Es handelt sich um Bedarfsfliegerei auf höchstem Niveau. Die Ansprüche an die SRA verlangen eine «seamless mobility solution», also eine nahtlose Mobilitätslösung. Übersetzt heisst das: Solche «Very Very Important People» werden mit Helikoptern zu ihren «fliegenden Palästen» gebracht und von dort wieder zurück. Jederzeit und überall auf der Welt. Geld spielt da, wenn überhaupt, eine untergeordnete Rolle. Was zählt, ist maximale Verfügbarkeit und Sicherheit. Mittlerweile behandelt die Herrscherfamilie offenbar auch das Thema Nachhaltigkeit prioritär. Als Beispiel dient die autofreie Öko-Musterstadt namens Neom im Norden des Landes. Sie gilt als Leuchtturmprojekt fürs postfossile Zeitalter des zweitgrössten Ölförderers der Welt. Zugleich pusht der jungdynamische MBS den Tourismussektor. Das Potenzial ist gross: Bietet Saudi-Arabien doch von hohen Bergen über spektakuläre Wüsten bis hin zu attraktiven Stränden die ganze Palette an massentouristischen Sehnsuchtsorten. Auch Expat Näf hat das Land in seinen drei Jahren bei der SRA bereits intensiv bereist.
Heftiger Widerstand
Er muss es wissen. Schliesslich hat der 55-jährige Airline-Manager Björn Näf im Laufe seiner Karriere schon in zahlreichen Weltgegenden gearbeitet. Anfang der 1990er Jahre startete der gelernte Feinmechaniker als Pilot bei der Crossair und schlug dann eine Konzernkarriere ein: Er brachte es bis zum designierten Chef der Swiss-Regionalflotte.
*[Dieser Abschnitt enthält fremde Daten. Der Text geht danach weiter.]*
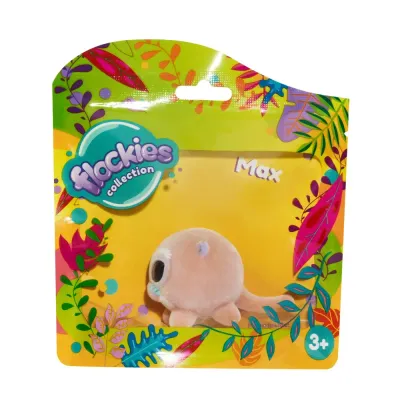 TM Toys FLO0119 — Коллекционная фигурка Flockies павиан Макс FLO0119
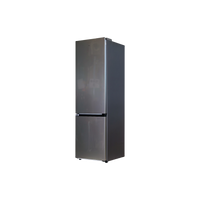 Réfrigérateur Avec Congélateur 390 L Reconditionné SAMSUNG RB38C600DSA : vue du côté gauche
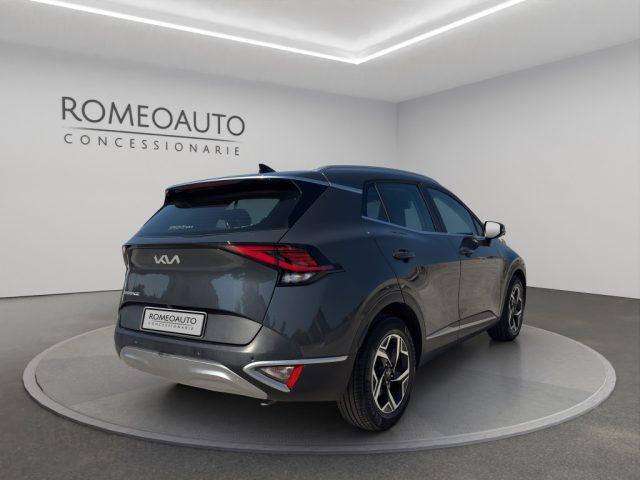 KIA Sportage 1.6 CRDI mhev business dct7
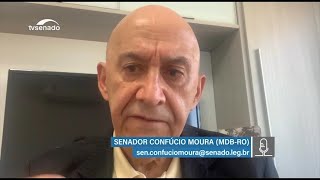 Confúcio Moura destaca importância da educação para a prosperidade do país [upl. by Sarina]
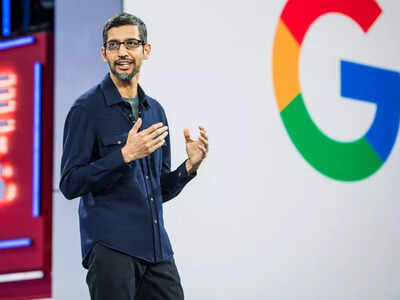 Google CEO Sundar Pichai says this mantra he learnt during his IIT days help him cope with pressure at Google
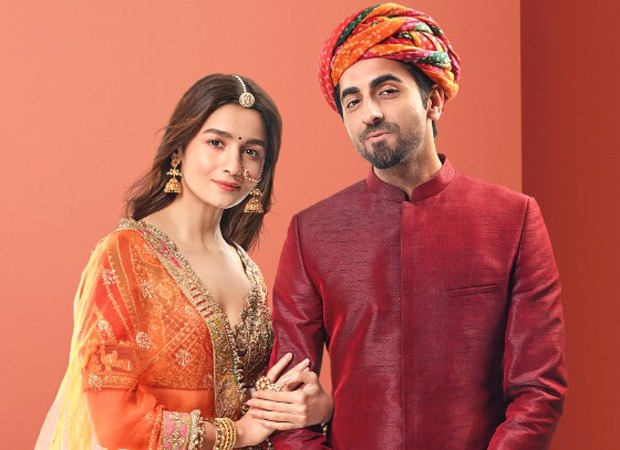 Ayushmann Khurrana and Alia Bhatt roped in as JSW Paints brand ambassadors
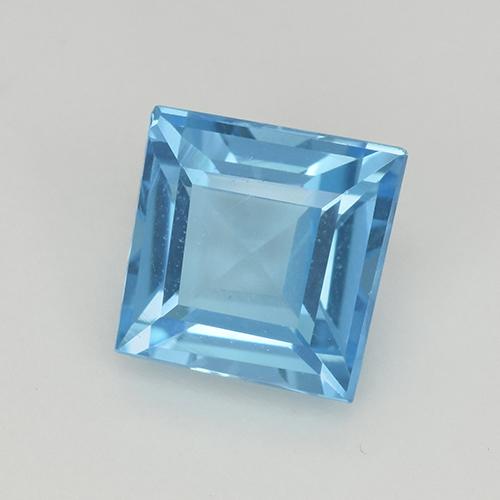 light blue topaz stone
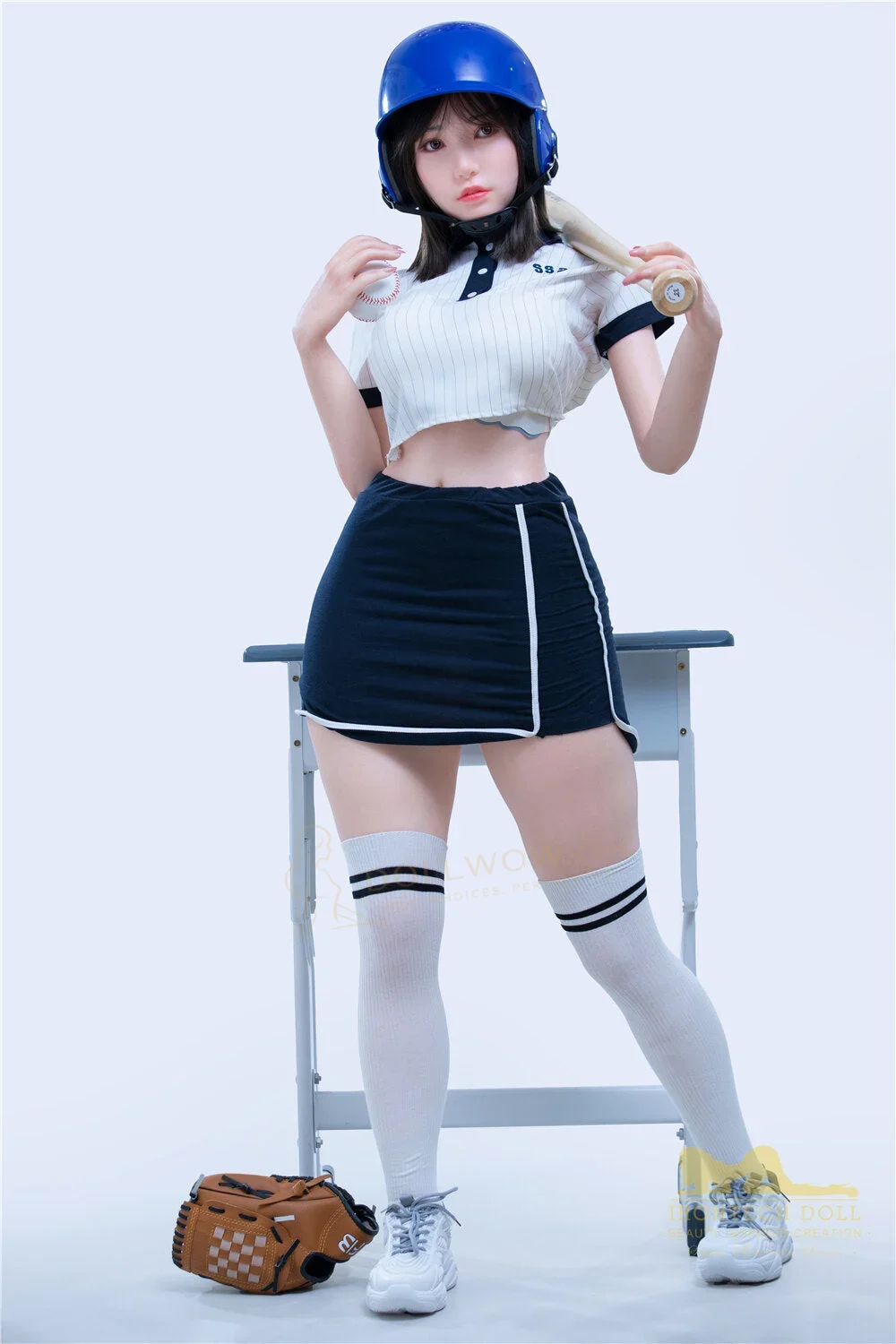 Irontech Betty Eugen 153cm F-Cup Silicone — image 6 of 8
Doch die Billigtochter hob nach heftigem Widerstand seitens der Piloten nie a
Näf kehrte – mit einem Harvard-Nachdiplom in der Tasche – der Schweiz den Rücken. Er hatte die organisierte Welt satt. Von der Teppichetage in Basel wechselte Näf zunächst in den afrikanischen Busch. Ein heilsamer Kulturschock, dem er sich als Leiter der Transafrik unterzog. Der Fracht-Carrier bediente im Auftrag des UNO-Welternährungsprogramms alle Krisenherde in Afrika, wie etwa Kongo, Uganda und Angola. Näf musste beispielsweise eine Luftbrücke im Sudan unterhalten. Täglich wurden so 16 Tonnen Nahrung aus einer Höhe von 700 Fuss mit sechs Hercules-Maschinen abgeworfen respektive verteilt. Der Transafrik-Job brachte ihn fast um seine Gesundheit: In Angola fesselte ihn die Malaria wochenlang ans Spitalbett.
Björn Näf übernahm Chefposten
Das afrikanische Abenteuer hatte ein Ende, als André Dosé seinen Swiss-Weggefährten zum Engagement in Bahrain überredete. Während Dosé den Chef bei der Gulf Air gab, war Näf fürs Operative zuständig. Doch das Schweizer Tandem hielt nur vier Monate. Dosé überwarf sich mit den Scheichs – und Näf übernahm den Chefposten mit 5000 Mitarbeitenden. Doch die Finanzkrise brachte die Gulf Air in Turbulenzen. Die Saudis blieben als Kundschaft aus und der bahrainische Staat mischte sich als Eigner immer stärker ins operative Tagesgeschäft ein. Das ging so weit, dass Airline-Chef Näf erst am Montagmorgen erfuhr, dass sein Sicherheitschef übers Wochenende vom Gulf-Präsidenten gefeuert worden war. Näf machte den Abflug und landete auf Umwegen in Hongkong. Dort arbeitete er während sieben Jahren bei Metrojet. Eine Gesellschaft, die Privatflugzeuge für vermögende Asiaten betreibt. Bis schliesslich vor drei Jahren das Angebot aus Saudi-Arabien winkte.